Task »
Your answer should be the lines from the one with "Poster for The Cherry on the Cake" to the end of the data below, both included, exact and free of pictures.

Material provided »
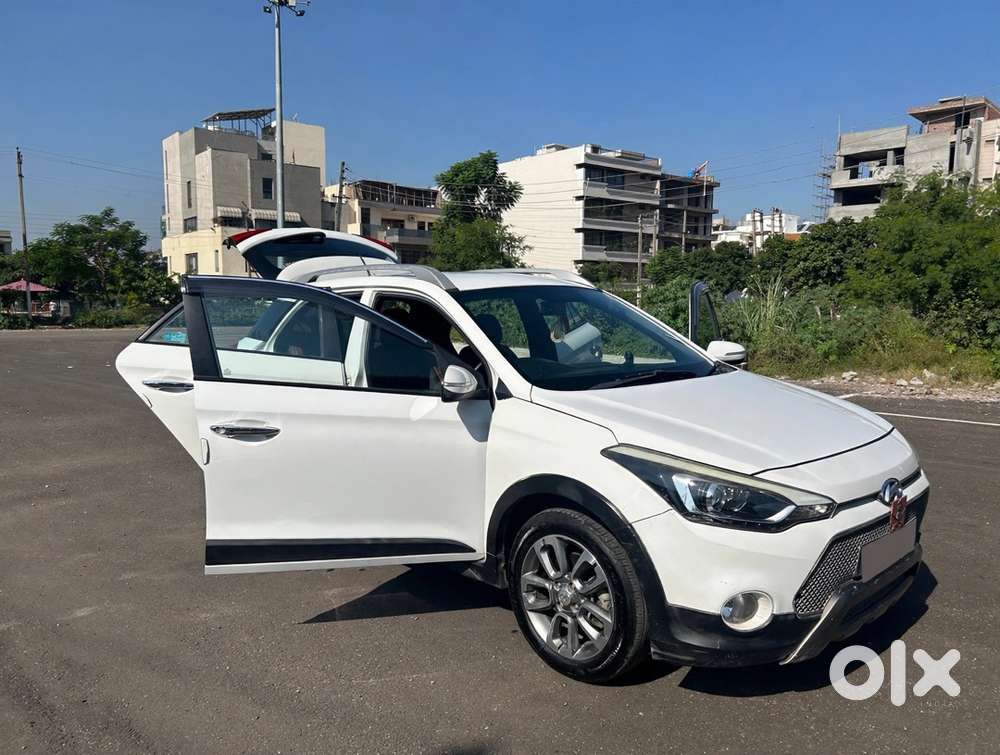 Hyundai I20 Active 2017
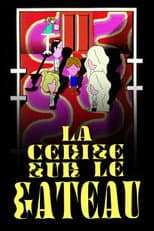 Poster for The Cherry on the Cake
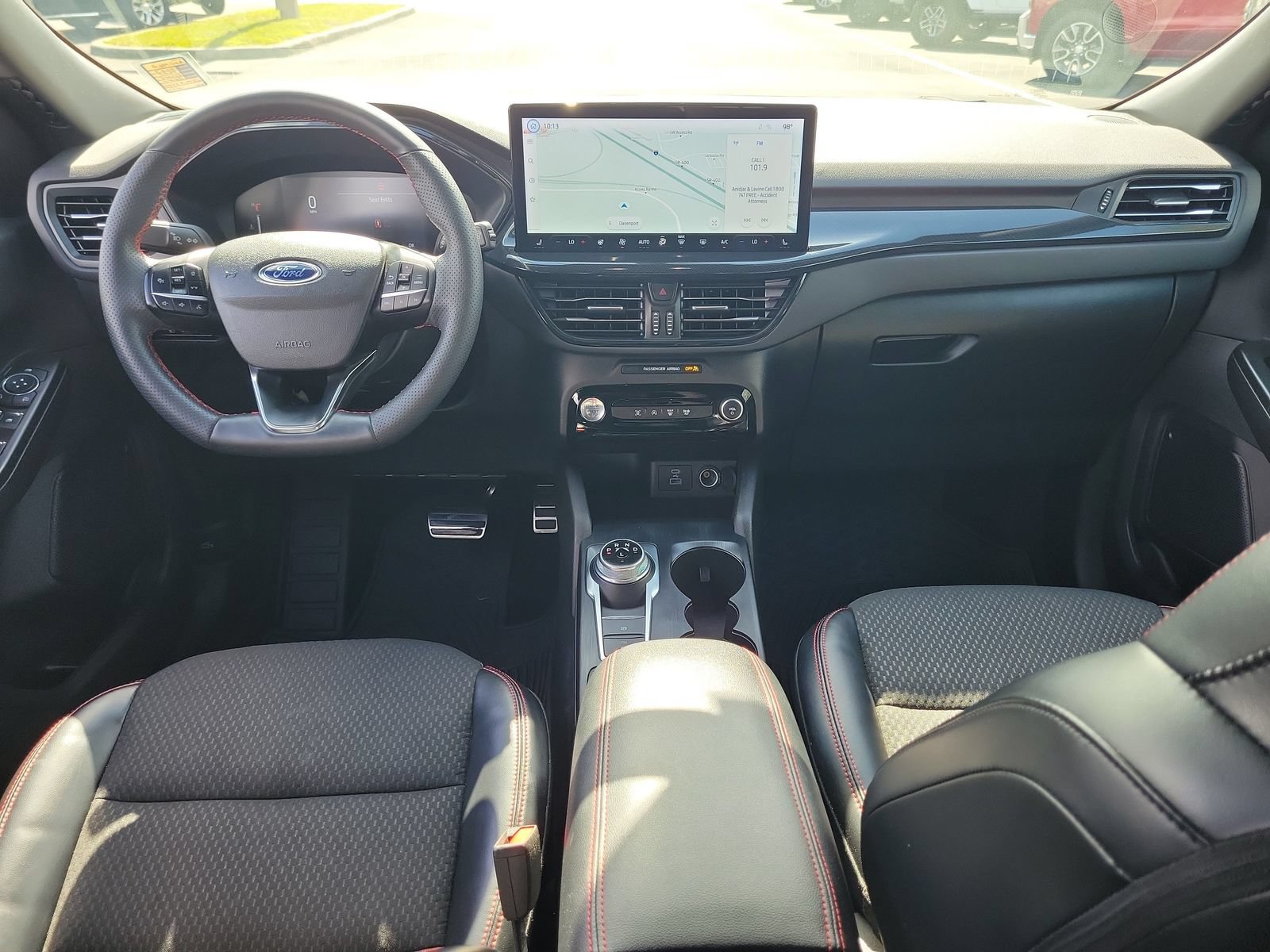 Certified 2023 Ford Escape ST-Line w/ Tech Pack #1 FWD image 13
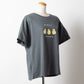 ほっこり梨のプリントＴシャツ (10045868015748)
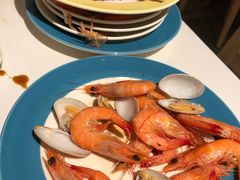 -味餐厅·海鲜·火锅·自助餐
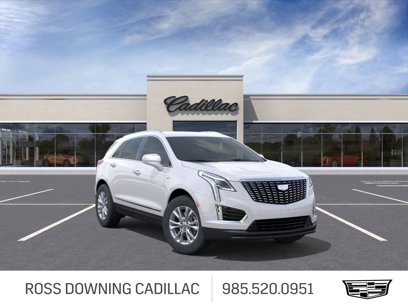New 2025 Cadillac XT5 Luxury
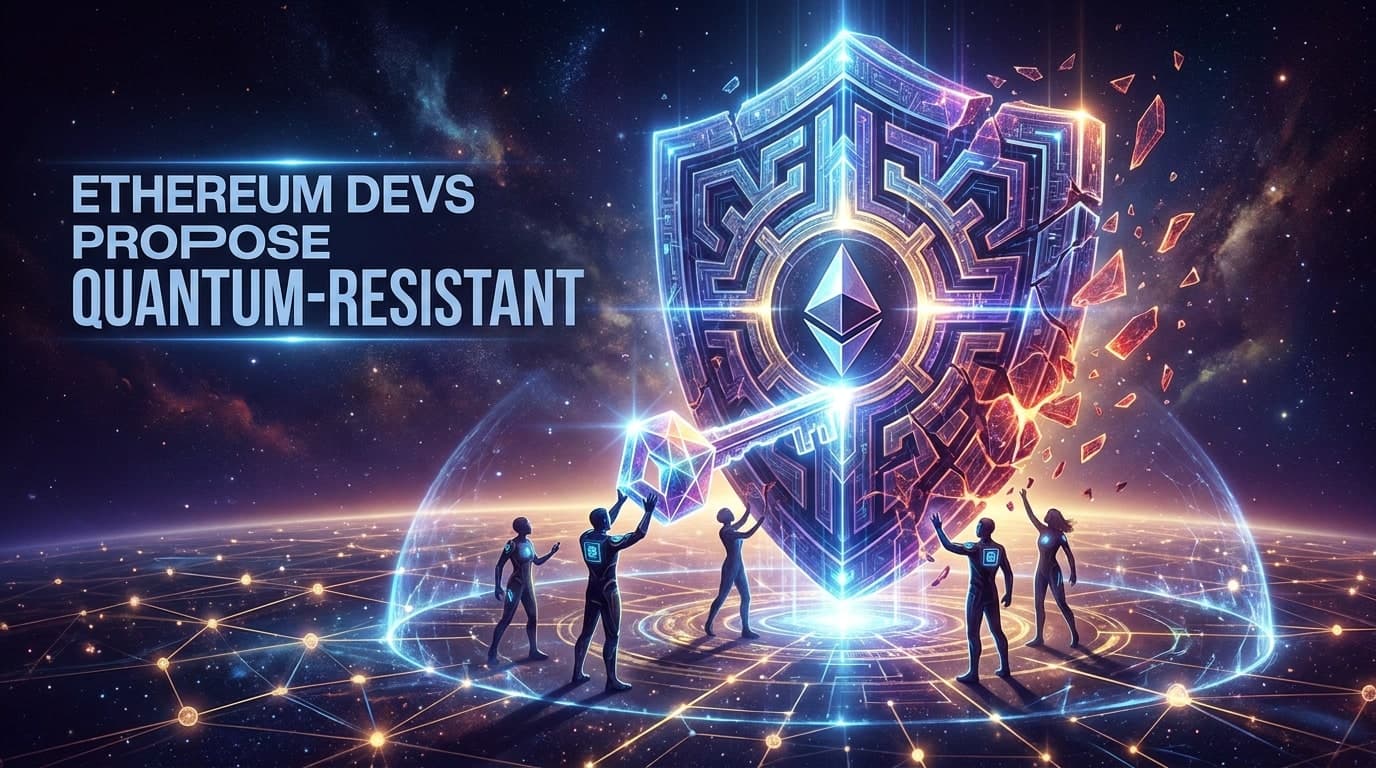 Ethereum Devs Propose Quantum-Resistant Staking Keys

Task output »
 Poster for The Cherry on the Cake
 Certified 2023 Ford Escape ST-Line w/ Tech Pack #1 FWD image 13
 ほっこり梨のプリントＴシャツ (10045868015748)
 -味餐厅·海鲜·火锅·自助餐
New 2025 Cadillac XT5 Luxury
 Ethereum Devs Propose Quantum-Resistant Staking Keys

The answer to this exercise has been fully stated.